- Born: March 29, 1920 Stockholm Lidingö, Sweden
- Died: 22 April 2008 Eskilstuna, Sweden
- Occupation(s): Entrepreneur and inventor
- Spouse: Ulla
- Children: Lennart, Britta Elzén, Karin Ingelson

= Torbjörn Evrell =

Swedish inventor and businessman (1920–2008)

Rune Torbjörn Evrell (March 29, 1920 – April 22, 2008) was a Swedish inventor and businessman who made major innovations in folding knife construction, knife designs and knife production methods at EKA-knivar AB Eskilstuna, Sweden.

==Life and career==

Born 1920 in Stockholm, Lidingö. Between the age of 11 and 12 he lived in Muncie Indiana, USA. His father, Kaleb Evrell, developed a patent for an automatic transmission for passenger cars for Warner Gears. After the US experience the family moved to Eskilstuna.

Torbjörn Evrell received his degree mechanical engineering in 1945 from the Royal Institute of Technology. His first job was at Centrala Torpedverkstaden, CTV (Torpedo factory of the Swedish Defence Industries) in Motala.

In 1946 Torbjörn Evrell took management of Eskilstuna Knivfabriks AB (EKA) knife making company when the owner John Elmquist (Evrells father in law) unexpectedly died. Evrell, specialist in submersible motors and pumps, now became President of EKA at the age of 26. He took over a company, which in many respects was using production methods of the late 1800s, with a rather outdated machinery with many processes with belt drive from hydropower. Evrell started modernisation . Production technology was improved and the old knife range cut down and new modern knives had to be developed. Evrell first task was to clean up the knife range. He took out a full sales statistics and noted that many models were marginal to sales or outdated. He considered that he could immediately reduce the number of models from 91 to 37. Moreover, he introduced standard components which could be used in several knives.

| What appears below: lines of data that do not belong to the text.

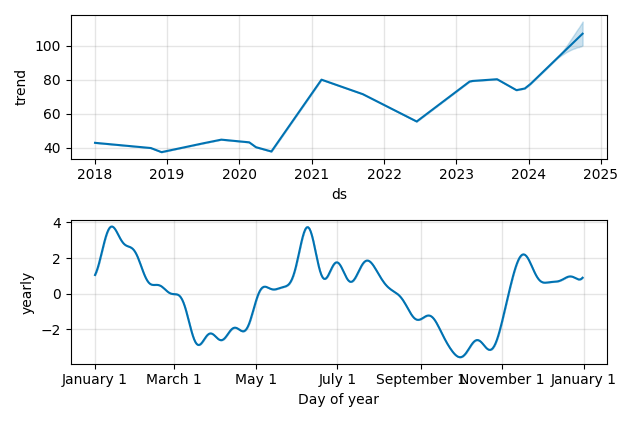 Drawdown / Underwater Chart for Timken Company (TKR) - Stock Price & Dividends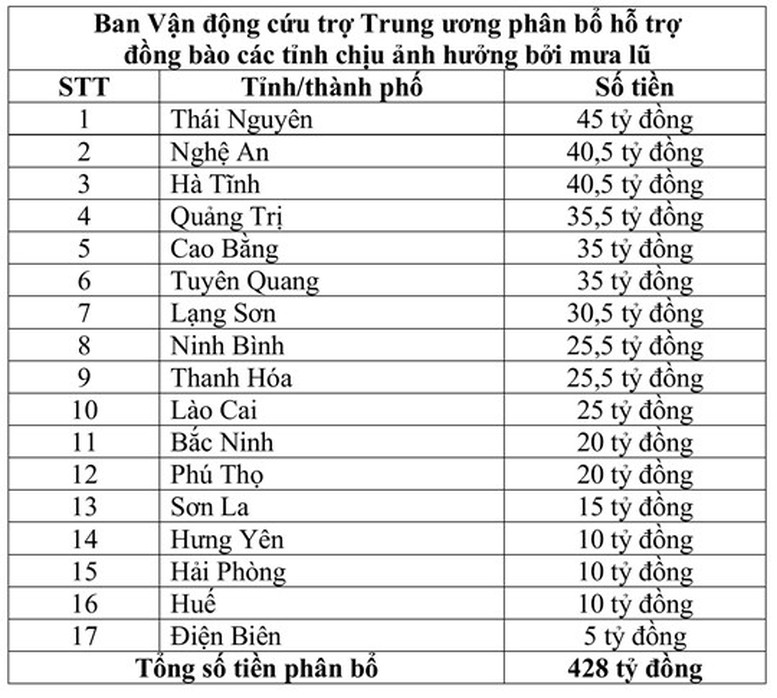 Phân bổ 428 tỷ đồng hỗ trợ 17 tỉnh, thành phố khắc phục hậu quả bão, lũ- Ảnh 1. Phân bổ 428 tỷ đồng hỗ trợ 17 tỉnh, thành phố khắc phục hậu quả bão, lũ- Ảnh 1.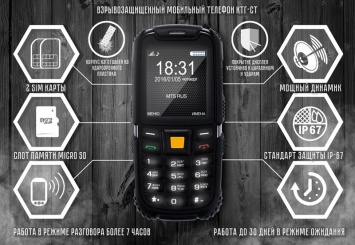В России представили отечественный взрывозащищенный телефон КТГ-СТ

Evrell also introduced a new systematic production planning, improved methods and machinery were upgraded. Everything to make better knives cheaper. Evrell started using subcontractors and concentrated construction and production to knives.

He was throughout his career continuously involved in all areas of the company including knife innovation, production and marketing. There are a number of influential knife patents in his name. Out of the one time many dozens of knife making companies of Eskilstuna, his was the only one to survive by constant innovation and adaptions to new conditions.

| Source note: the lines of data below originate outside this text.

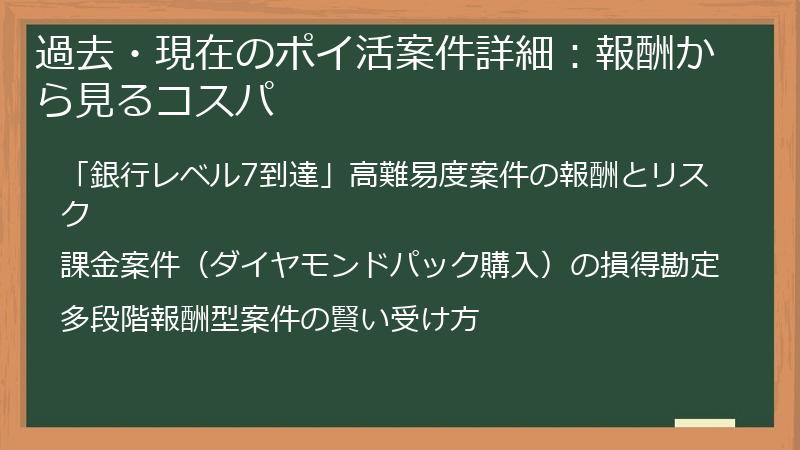 過去・現在のポイ活案件詳細：報酬から見るコスパ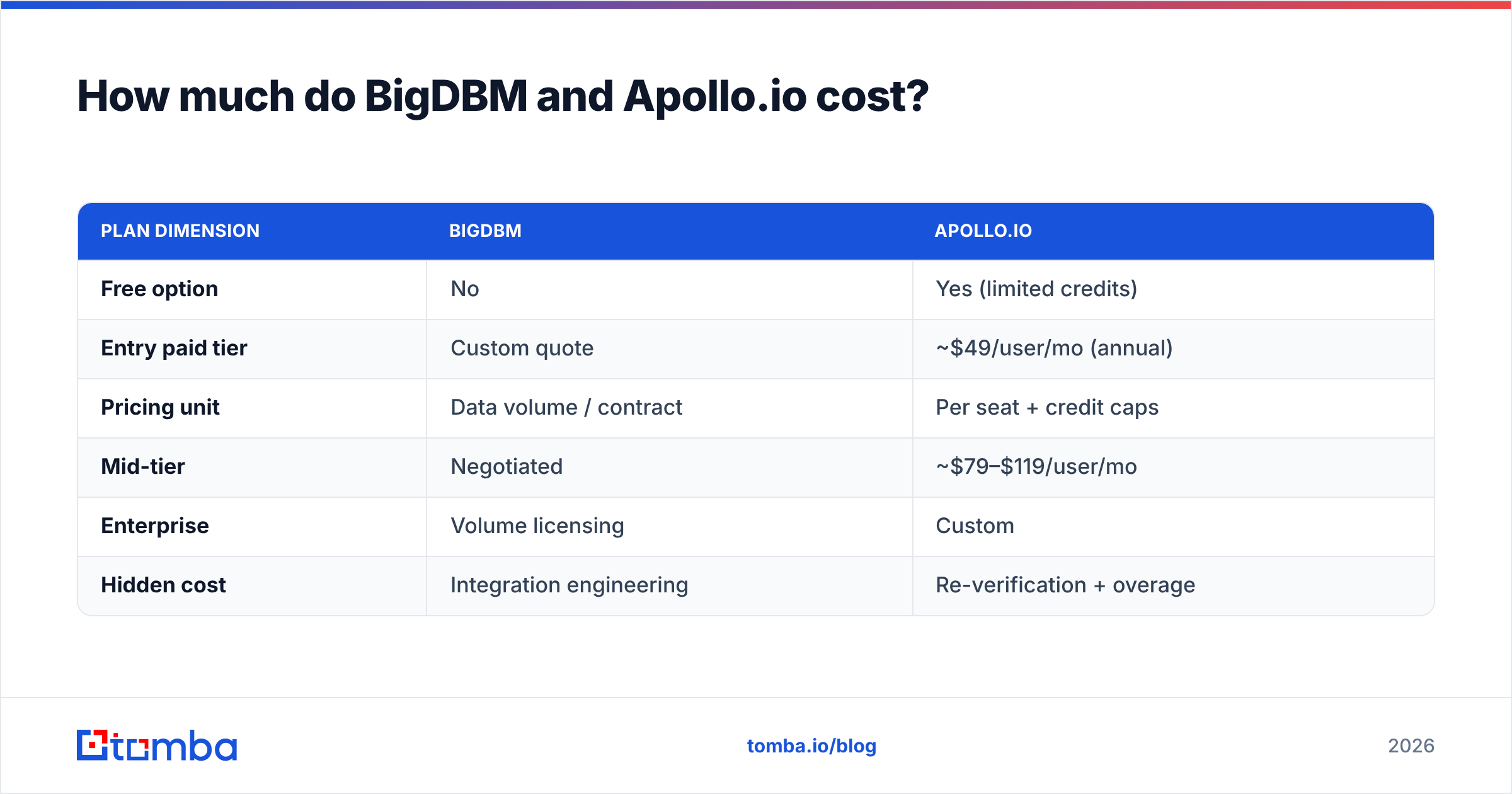 Diagram: How much do BigDBM and Apollo.io cost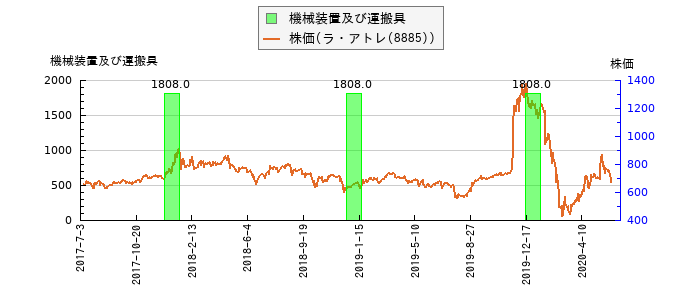 と株価との比較
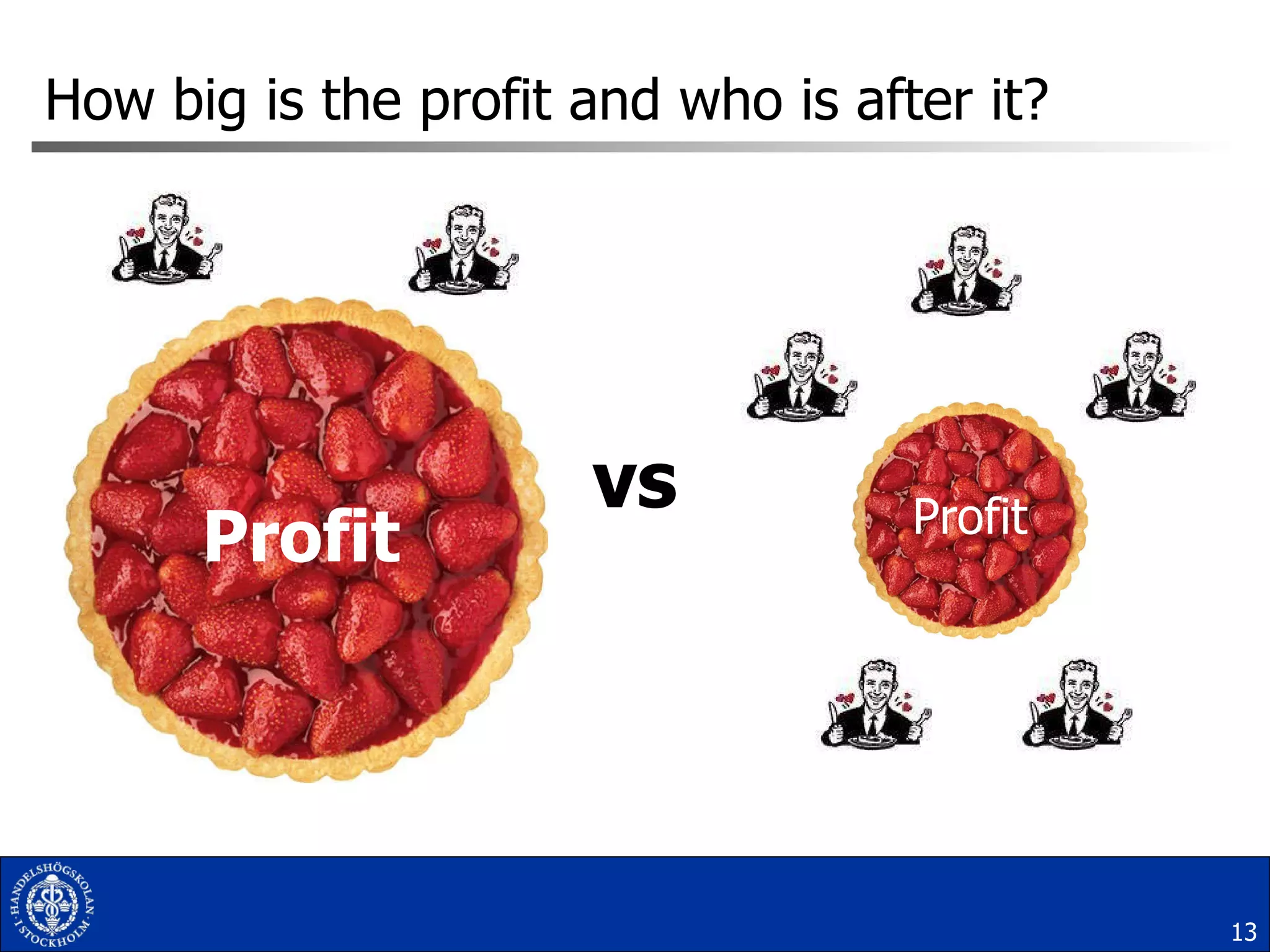 How big is the profit and who is after it? vs Profit Profit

Evrell was the president of EKA until 1985, when he was succeeded by his daughter Karin Ingelson. Torbjörn Evrell continued as an advisor to EKA, especially in product development, for ten more years.

==Contributions in knife design, construction and production==
Prior to 1970, all knives were riveted. Riveting was done by hand, and all work with assembly and adjustment, requires craftsmanship which is very labor-intensive. It took at least three to four years for a workman to reach the skill and speed required in production. Evrell realized the problems and wanted to find a faster and less labor-intensive method, while at the same time make the world's best folding knife with one blade. An effort started in November 1967 to come up with a new construction to hold a knife together. The final version of the knife was improved by two external consultants to the company: Olle Nordlund and the industrial designer Sigvard Bernadotte . The results were presented in March 1970 when Evrell could launch the first bolted folding knife in the Swede series. The first two models were named Swede 38 (design Sigvard Bernadotte) and Swede 45. The special features of the Swede knives is that the scales are screwed in place. The knife scales can easily be removed, with a screwdriver or coin, for cleaning and lubrication of the blade and inside. The screws are also used to adjust the blade folding mechanism. This new way to manufacture folding knives was completely revolutionary and came to mean a big international breakthrough for EKA. The Swede series started with the EKA Swede 38 knife with plastic scales (offered in several colors) and brass screws with a blade in either carbon steel or stainless steel. The Swede 45 had wooden scales. These first models have been followed by several models with incremental developments.

Another of Evrells inventions is a small folding knife where the whole knife including the folding mechanism is welded together.

With increasing demand EKA-knivar continually made improvements to production methods. The production capacity was increased significantly. In 1971 the company with factory and office in central Eskilstuna was moved to newly built premises at Sättargatan 4 in Vilsta industrial area.

==Marketing==

EKA Swede 38 and Swede 45 models

Torbjörn Evrell was very aware of the value of marketing a knife. In 1967 he established a dedicated marketing department within his company, which was of great importance to the company's continued expansion. He also took advantage of the marketing value in a knife. All knife models have been available for branding and adaptation as promotional gifts to mark a sign of quality.